The Lethbridges call it "the neighborhood." Farmed until the 1950s, its 44 acres originally contained two family farmhouses. Another group of houses was built in the 1950s and 1960s. Construction of the newest houses began in the 1980s.

It's a family compound in the self-sufficient, rural sense rather than the pinkies-up Hyannis sense. There's nothing cultish or religious about it -- unless you count the shared faith in family and land that has defined this place for nearly 100 years. The operating system is simple: Lethbridge men are usually builders and carpenters. Lethbridge women usually stay home to raise children or teach in their children's schools. The oldest generation helps look after the youngest.

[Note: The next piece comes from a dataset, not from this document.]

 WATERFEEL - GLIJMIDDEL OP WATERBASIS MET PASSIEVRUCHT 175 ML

But the neighborhood can seem complicated at first, especially for newcomers such as 44-year-old Lynn Lethbridge. A military child who never spent time with her cousins, she had little sense of extended family. When she fell in love with her husband, Kevin Lethbridge, more than 20 years ago, she married not only him but also his family and the five acres he had claimed as his own.

"I started making payments to my grandparents on this property when I was 18 years old," Kevin says. "I paid them $200 a month."

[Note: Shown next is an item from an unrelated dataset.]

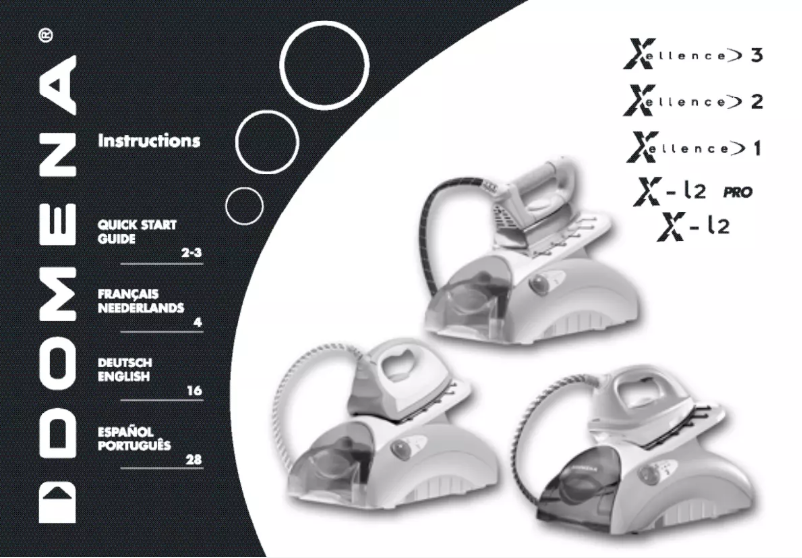 First page image of the manual for Xellence 2 Pro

Eventually, he built his own house with help from his father, brothers and brothers-in law. Kevin, 45, owns JM Development. His older brother Keith is Lethbridge Contractors. His nephew Kenny is RK Remodeling. His brother-in-law Dale is a partner at Sturbridge Homes. His older brother Ronnie is a partner at Classic Community Corp., where his brother-in-law Allan also works.

Most of the folks in this extended family went to Burtonsville Elementary School and Paint Branch High School, and they have made a point of sending their children there as well. The Lethbridges are big on supervision, which can be the same as minding everyone else's business. If you live here, you really know your neighbors.

"There's no drugs and alcohol, things like that," Kevin says. "And it's not like, if the kids were to have a party, someone wouldn't know. Anytime a car comes in around here, you get a phone call: 'Why's this car coming in? Do you know who this is?' There's always a neighborhood watch."

The properties are individually owned. The older family members, in their 60s and 70s, still live in a cluster of older houses built on lots of one to two acres.

In Kevin's generation, Keith, Sherry, Stacey and Hal each built on a five-acre lot. Their cousin Dawn just moved into the last new house that zoning laws allow on the 44-acre property.

When Kevin was growing up, he says, the family spent more time together than it does now, eating dinner every Sunday at his late grandparents' home. Although the family still congregates -- Christmas breakfast at Kevin's mother's house is a revered command performance -- traditions have loosened slightly as the generation that remembers Victory gardens yields to the one that instant-messages.